Many of the governments attending the 12 May Anti-Corruption Summit in London committed to address extractive sector corruption concerns. In particular, 11 countries and the European Commission committed to address the absence of transparency in the commodity trading sector, representing an upsurge in global attention to this area of vital concern—and it was especially encouraging to see commitments from countries where trading companies are based. Also encouraging: a number of governments signaled that they will use their membership of the Open Government Partnership to further their relevant anti-corruption commitments.
In this table, we have summarized selected commitments that are relevant to oil, gas and mining sector governance. We focus on 32 countries that are either rich in natural resources or home to extractive sector companies.
We compiled the following types of commitments:
Many countries committed to create and/or disclose registries of beneficial ownership information. Depending on their eventual structure, these central registries could result in the disclosure of ownership information for companies that participate in the extractive sector. Ghana indicated its registry would include extractive companies, with reporting mandated by oil sector legislation, and Tanzania committed specifically to disclosing ownership data for the extractive sector. Other countries may end up following Tanzania’s approach, particularly those aiming to meet the new requirement from the Extractive Industries Transparency Initiative (EITI) to disclose ownership data for the sector.
The commitments made around open contracting could result in the disclosure of extractive sector contracts or sub-contracts. This will only happen if the disclosure rules include exploration and production contracts, as well as procurement executed by state-owned enterprises. Ghana explicitly committed to disclosing extractive sector contracts, and Mexico will explore applying the Open Contracting Data Standard to its next oil license tenders.
Eleven countries and the European Commission committed to “enhance company disclosure” of payments to governments for the sale of oil, gas and minerals. The countries included Switzerland and the U.K., home to many of the companies that buy large quantities of raw materials (especially crude oil) from governments and state-owned companies, as well as Australia, Italy, Japan, the Netherlands and Norway, where other large buying companies are based. Given the large share of the market based in these jurisdictions, their action to “enhance company disclosure” would significantly reduce the secrecy that prevails in this corner of the extractive sector. Other key players like the U.S. and Singapore failed to include commitments on this issue, but could still choose to join this international effort.
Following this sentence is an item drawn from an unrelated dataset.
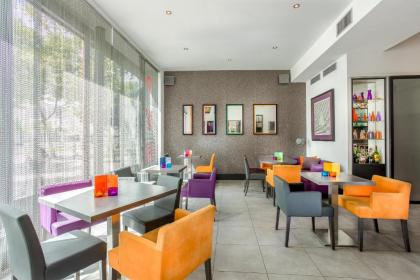 Porte De Versailles Hotel - image 15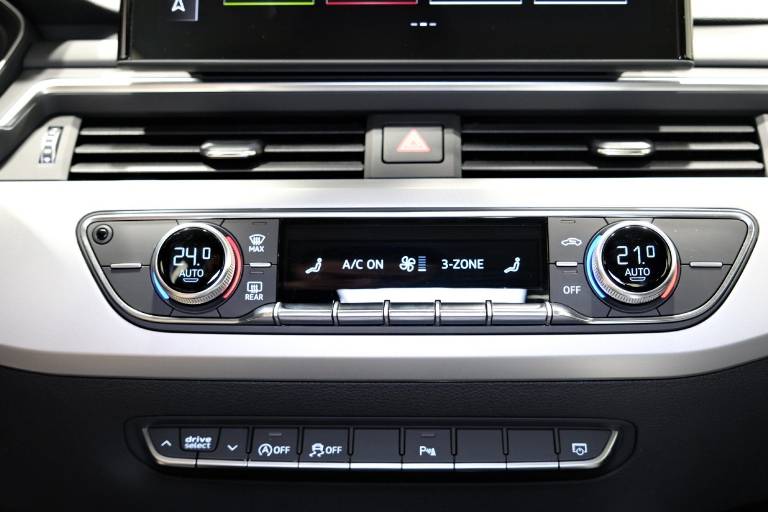 AUDI A4 31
Governments of resource-rich governments that sell commodities, like those of Afghanistan, Ghana and Nigeria, also committed to pursue greater transparency in this area. (Read more about the importance of commodity trading transparency here.)
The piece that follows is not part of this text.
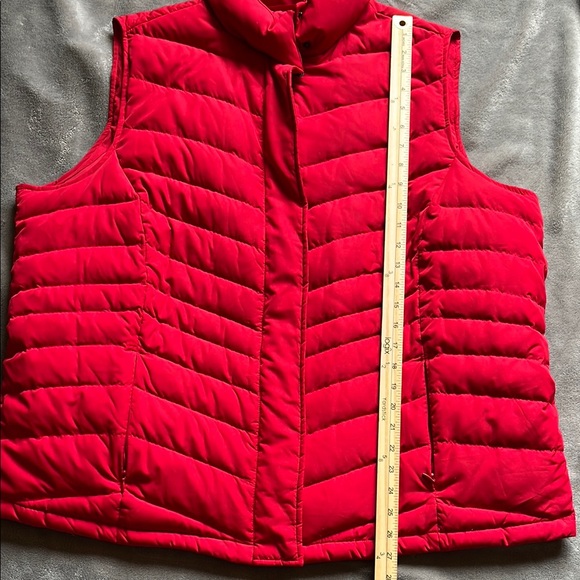 Talbots Red Puffer Vest - Picture 14 of 14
Other extractive commitments
Many countries voiced support for the EITI and its new rules around beneficial ownership and commodity trading. Our table summarizes these statements, as well as general commitments around issues like country-by-country reporting of tax information that could indirectly affect extractive sector governance concerns.
Our summary provides an initial bird's eye view of the promises made at the summit. We encourage users to double-check the original commitment documents for the precise wording and context.
Moving ahead, we look forward to working with civil society and government actors to ensure that these commitments lead to timely action.